Use this at your own risk. If you have any problems or cause any damage, that's YOUR responsibility.
This is an example of pure vibecoding with claude.ai
It's a Quick-and-Dirty routine made for my specific needs and practices.
I had a few thousand Wistia mp4 and subtitle .json files. The goal was to convert the subtitles to vtt format and mux each pair into an mkv file.
I've already hand-built a number of routines like this for operations I do frequently. IMNSO, I prefer to leverage small, simple, tested, existing tools to reach the desired results. As much as I like programming, the syntax and minutia get in the way of the bigger goal which is functional, profitable (time use) tools for specialized needs.
I'd been testing ChatGPT for vibecoding. It stinks. Claude.ai has a good reputation so I tried it. It's pretty nice, actually. This repository has the created routine and some sanitized files to illustrate its use, including the entire claude.ai vibecoding session. (Oddly enough, the html claude.ai sends to your browser contains a LOT of duplicated lines at the beginning. You'd think Anthropic would have made it cleaner...)
This particular tool is quite simple and I could have created it entirely by hand but why create extra work and mental cost if it can be vibecoded?
I thought, at best, claude.ai would give me a basic framework and I'd have to debug and hand-code parts.
It turns out, claude.ai created the whole thing!
If you read the vibecoding history, you'll see claude.ai initally wanted to use python. I avoid python whenever possible because (basic) powershell is already part of Windows and awk is a battle-proven, small, safe, single-file executable.
I've added the way I've integrated this into Windows' file manager context menu. Right-click on a folder's contents and a sub-menu titled, "All Files" is present. Inside that is the option to run this conversion.

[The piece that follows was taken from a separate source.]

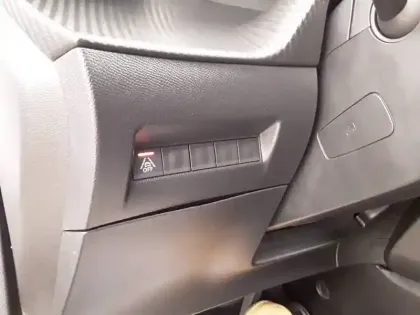 Photo 23 Peugeot 2008  BlueHDi 130 S&S EAT8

"folder json to vtt powershell.bat" and "convert_wistia_to_vtt_powershell.bat" must be in folder "C:\Portable- Linked\misc"
"Closed Caption Icon.ico" must be in folder "C:\Portable- Linked\Graphics\Icons"
"Context Menu - Configure.reg" creates the context menu entry - BE CAREFUL! it's just there as an example. If you already have a sub-menu titled "All Files", this reg file will replace it.
You can also place convert_wistia_to_vtt_powershell.bat in the folder which contains Wistia .json subtitle file then run it.
BE CAREFUL! This routine assumes all .json files are Wista .json subtitle files.